Criminal charges are expected to be filed against the Trump Organization as soon as next week in connection with the Manhattan district attorney's long-running inquiry into the financial dealings of former President Donald Trump's namesake company, a Trump attorney said Friday.
Trump attorneys met with local prosecutors Thursday in an attempt to persuade officials not to proceed, Trump Organization lawyer Ron Fischetti said in an interview with USA TODAY.
“In my more than 50 years of practice, never before have I seen the District Attorney’s Office target a company over employee compensation or fringe benefits," Fischetti said. "Even the financial institutions responsible for causing the 2008 financial crises, the worst financial crisis since the Great Depression, were not prosecuted.”
A spokesperson for Manhattan District Attorney Cyrus Vance Jr. declined to comment.
The timing of the possible criminal charges was first reported by the New York Times.
Fischetti said prosecutors have not succeeded in securing the cooperation of Allen Weisselberg, the Trump Organization's longtime chief financial officer and the most knowledgeable of the former president's business operations.
For more than two years, Vance has been digging deep into the operations of the Trump family business for possible fraud involving banks, insurance companies and taxing entities.
The New York prosecutor won a major, public victory in February when Trump's accounting firm was forced to turn over eight years of tax records as part of a protracted legal battle that ended at the Supreme Court.
Vance's investigation appeared to have accelerated last month with the disclosure that a special grand jury had been convened to consider possible evidence of criminality by the president, his business associates or the company itself.

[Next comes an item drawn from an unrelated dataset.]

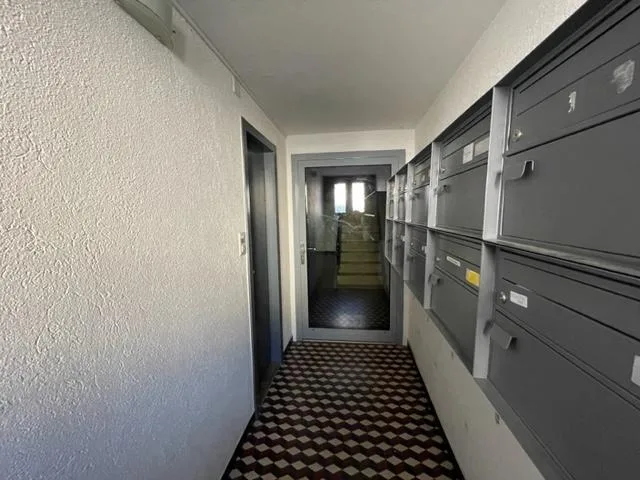 Edificio con rendita del 4,9% netto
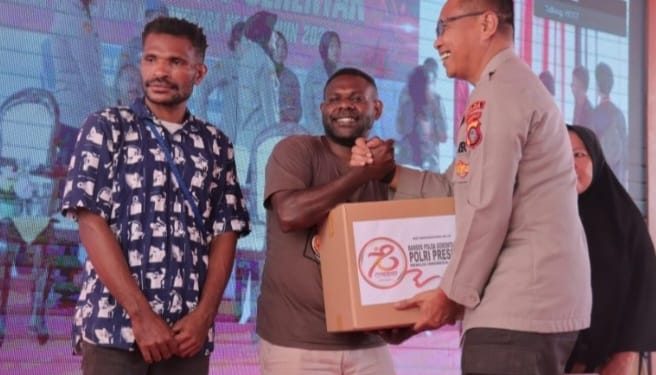 Kapolda Gorontalo Lepas 8.000 Paket Sembako untuk Masyarakat Kurang Mampu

The district attorney has been examining the far-flung Trump Organization's banking, tax and insurance transactions with a focus on whether the company manipulated property values to obtain favorable loans and reduced tax rates.
Prosecutors also have been weighing hush-money payments made to women on Trump's behalf and how that money was documented.
Former Trump personal attorney and fixer Michael Cohen has acknowledged meeting with New York prosecutors multiple times in cooperation with their investigation.
Cohen has told USA TODAY that he would not comment on any aspect of the case, citing the ongoing investigation and his potential role in it as a key witness for the prosecution. But he has commented extensively on Twitter on how grand jury proceedings significantly accelerate the investigation.
Cohen, who pleaded guilty in 2018 to federal charges that included campaign-finance violations for paying hush money to women who claimed to have had sex with Trump and for lying to Congress, has repeatedly pointed to Weisselberg as most knowledgeable of the former president's business operations.